Evaluate expression: 17740908 = 010eb46c
0:001> ba w4 010eb46c
Breakpoint 1 hit
eax=00000030 ebx=00000000 ecx=00000000 edx=00000020 esi=00000001 edi=0c334468
eip=65637f67 esp=010eb40c ebp=010eb878 iopl=0 nv up ei pl zr na pe nc
cs=0023 ss=002b ds=002b es=002b fs=0053 gs=002b efl=00000246
65637f67 66898475f4fbffff mov word ptr [ebp+esi*2-40Ch],ax ss:002b:010eb46e=0919
The write breakpoint hit at a location I was not expecting. The instruction where the breakpoint hit is not modifying the variable that was stored at [ebp-40C].
Although I cannot share the Windows source code on this blog, the code in question roughly resembles the below example. Note that a proficient assembly language reader could figure out the code flow, this example is not sharing any magic.
p1 = GetStruct1();
array[i-2] = 0x30;
p1->p = variable2; // Crash here because p1 is not a valid pointer
We are crashing because p1 is not a valid pointer. The high word of p1 is being overwritten as 0030 by the line “array[i-2] = 0x30;” because i is 1, leading to an underflow of the array. This underflow is corrupting the pointer in p1.
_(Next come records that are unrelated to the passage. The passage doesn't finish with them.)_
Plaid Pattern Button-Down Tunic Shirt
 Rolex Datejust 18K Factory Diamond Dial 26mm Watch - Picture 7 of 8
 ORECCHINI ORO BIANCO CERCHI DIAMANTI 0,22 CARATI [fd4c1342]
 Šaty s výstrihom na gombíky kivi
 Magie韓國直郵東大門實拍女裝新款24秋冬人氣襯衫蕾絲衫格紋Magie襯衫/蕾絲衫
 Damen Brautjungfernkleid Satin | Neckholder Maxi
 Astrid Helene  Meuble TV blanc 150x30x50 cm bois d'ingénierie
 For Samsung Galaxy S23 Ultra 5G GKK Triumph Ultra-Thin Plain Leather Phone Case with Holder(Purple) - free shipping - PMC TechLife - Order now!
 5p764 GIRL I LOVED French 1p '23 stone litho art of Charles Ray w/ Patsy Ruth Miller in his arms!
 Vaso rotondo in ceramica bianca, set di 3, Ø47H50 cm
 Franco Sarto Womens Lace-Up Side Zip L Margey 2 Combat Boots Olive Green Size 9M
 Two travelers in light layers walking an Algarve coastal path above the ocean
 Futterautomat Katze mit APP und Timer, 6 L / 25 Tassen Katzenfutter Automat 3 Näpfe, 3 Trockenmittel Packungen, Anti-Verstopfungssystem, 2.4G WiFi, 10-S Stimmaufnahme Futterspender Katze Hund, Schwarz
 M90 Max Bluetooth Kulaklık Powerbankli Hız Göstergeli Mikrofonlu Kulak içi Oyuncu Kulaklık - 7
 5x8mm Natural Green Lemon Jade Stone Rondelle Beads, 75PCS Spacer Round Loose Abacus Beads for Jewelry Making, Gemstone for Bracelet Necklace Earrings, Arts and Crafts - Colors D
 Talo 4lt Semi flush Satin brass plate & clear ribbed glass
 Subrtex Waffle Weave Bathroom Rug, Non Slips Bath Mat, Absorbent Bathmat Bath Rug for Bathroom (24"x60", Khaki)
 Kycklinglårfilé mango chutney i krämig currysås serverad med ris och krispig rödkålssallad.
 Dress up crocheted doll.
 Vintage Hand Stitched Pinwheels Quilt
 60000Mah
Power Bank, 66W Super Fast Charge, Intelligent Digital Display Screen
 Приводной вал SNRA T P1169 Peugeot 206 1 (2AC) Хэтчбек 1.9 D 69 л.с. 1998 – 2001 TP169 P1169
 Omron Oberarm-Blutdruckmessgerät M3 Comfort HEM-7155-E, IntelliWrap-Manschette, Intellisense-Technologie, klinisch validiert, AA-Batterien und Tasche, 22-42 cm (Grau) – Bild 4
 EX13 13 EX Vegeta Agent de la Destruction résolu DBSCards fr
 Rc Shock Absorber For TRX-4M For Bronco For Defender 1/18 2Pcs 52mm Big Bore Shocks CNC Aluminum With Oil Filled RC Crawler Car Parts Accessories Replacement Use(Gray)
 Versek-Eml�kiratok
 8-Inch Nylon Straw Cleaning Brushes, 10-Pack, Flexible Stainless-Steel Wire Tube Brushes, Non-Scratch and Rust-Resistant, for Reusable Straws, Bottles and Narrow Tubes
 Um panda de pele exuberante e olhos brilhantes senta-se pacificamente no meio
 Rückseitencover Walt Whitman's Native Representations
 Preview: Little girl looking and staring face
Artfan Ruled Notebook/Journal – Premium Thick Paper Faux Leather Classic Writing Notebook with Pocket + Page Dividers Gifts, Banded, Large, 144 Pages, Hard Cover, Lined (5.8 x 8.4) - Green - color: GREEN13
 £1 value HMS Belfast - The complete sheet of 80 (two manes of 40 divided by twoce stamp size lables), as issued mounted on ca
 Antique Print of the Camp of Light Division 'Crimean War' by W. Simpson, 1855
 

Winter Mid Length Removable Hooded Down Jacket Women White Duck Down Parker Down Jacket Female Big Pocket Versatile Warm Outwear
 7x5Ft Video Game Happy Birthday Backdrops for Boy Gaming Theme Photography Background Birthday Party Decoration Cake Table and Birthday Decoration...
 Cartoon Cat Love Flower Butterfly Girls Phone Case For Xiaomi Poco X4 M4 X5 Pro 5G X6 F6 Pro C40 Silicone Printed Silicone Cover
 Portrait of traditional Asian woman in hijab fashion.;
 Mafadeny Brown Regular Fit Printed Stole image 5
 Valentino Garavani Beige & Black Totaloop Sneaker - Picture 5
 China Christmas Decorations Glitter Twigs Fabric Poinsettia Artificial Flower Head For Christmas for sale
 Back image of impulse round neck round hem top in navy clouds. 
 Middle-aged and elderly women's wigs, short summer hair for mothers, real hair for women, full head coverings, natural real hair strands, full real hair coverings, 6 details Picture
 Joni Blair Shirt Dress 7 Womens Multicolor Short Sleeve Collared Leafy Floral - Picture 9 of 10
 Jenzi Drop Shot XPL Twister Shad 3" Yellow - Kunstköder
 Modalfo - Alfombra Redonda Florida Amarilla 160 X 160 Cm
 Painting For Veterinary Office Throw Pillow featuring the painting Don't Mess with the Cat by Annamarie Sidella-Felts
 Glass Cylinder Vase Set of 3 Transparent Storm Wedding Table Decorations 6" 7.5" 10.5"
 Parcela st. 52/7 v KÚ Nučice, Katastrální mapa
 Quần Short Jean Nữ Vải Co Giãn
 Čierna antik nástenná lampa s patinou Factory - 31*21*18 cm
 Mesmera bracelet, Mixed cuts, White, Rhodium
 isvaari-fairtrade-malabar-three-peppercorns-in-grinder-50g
Clearly there is a defect in the above code. If it is legitimate for i to be 1 (and it is), then a check must be made to prevent an underflow of the array. However further research found that this code has been consistent for many years and many releases of the product. Why is this suddenly crashing now? As the bank robber in Dirty Harry said, “I gots to know."
In the above assembly we calculate that “array” starts at ebp-408 (assuming i is always 2 or greater, 2*2-40c is -408). In the earlier assembly we see that p1 is placed at ebp-40c. In this configuration an underflow of “array” will always corrupt p1.
Examining the assembly on a system that does not crash, I found that the local variables are stored differently in a different version of this binary. In the beginning of the function we see that p1 is stored in ebx. In this version of the binary ebx is never stored on the stack, so it cannot be corrupted by an underflow.
0:000> uf riched20!CTxtSelection::CreateCaret
74e75c53 8bff mov edi,edi
74e75c55 55 push ebp
74e75c56 8bec mov ebp,esp
74e75c58 81ec58040000 sub esp,458h
74e75c5e a19010e974 mov eax,dword ptr [riched20!__security_cookie (74e91090)]
74e75c63 53 push ebx
74e75c64 56 push esi
74e75c65 8bf1 mov esi,ecx
74e75c67 8b5e1c mov ebx,dword ptr [esi+1Ch]
The code that populates array[i-2] with 0x30 is later in the function. In this version, array is stored at ebp-404. If there is an underflow it will corrupt ebp-408.
74e76034 66c7847df8fbffff3000 mov word ptr [ebp+edi*2-408h],30h
The value stored at ebp-408 is used in several places in this function, however it is never used after instruction 74e76034 executes. This means any underflow in the array only corrupts memory that is not used after the corruption, and as a result the corruption never results in a crash. Although this defect has existed for a long time, the compiler has protected us until now.
74e75d3f 0b85f8fbffff or eax,dword ptr [ebp-408h]
74e75e51 ffb5f8fbffff push dword ptr [ebp-408h]
74e75e8a 8b8df8fbffff mov ecx,dword ptr [ebp-408h]
74e75f20 398df8fbffff cmp dword ptr [ebp-408h],ecx
74e75fec 8b85f8fbffff mov eax,dword ptr [ebp-408h]
The issue discussed in this article was addressed as part of KB2883200.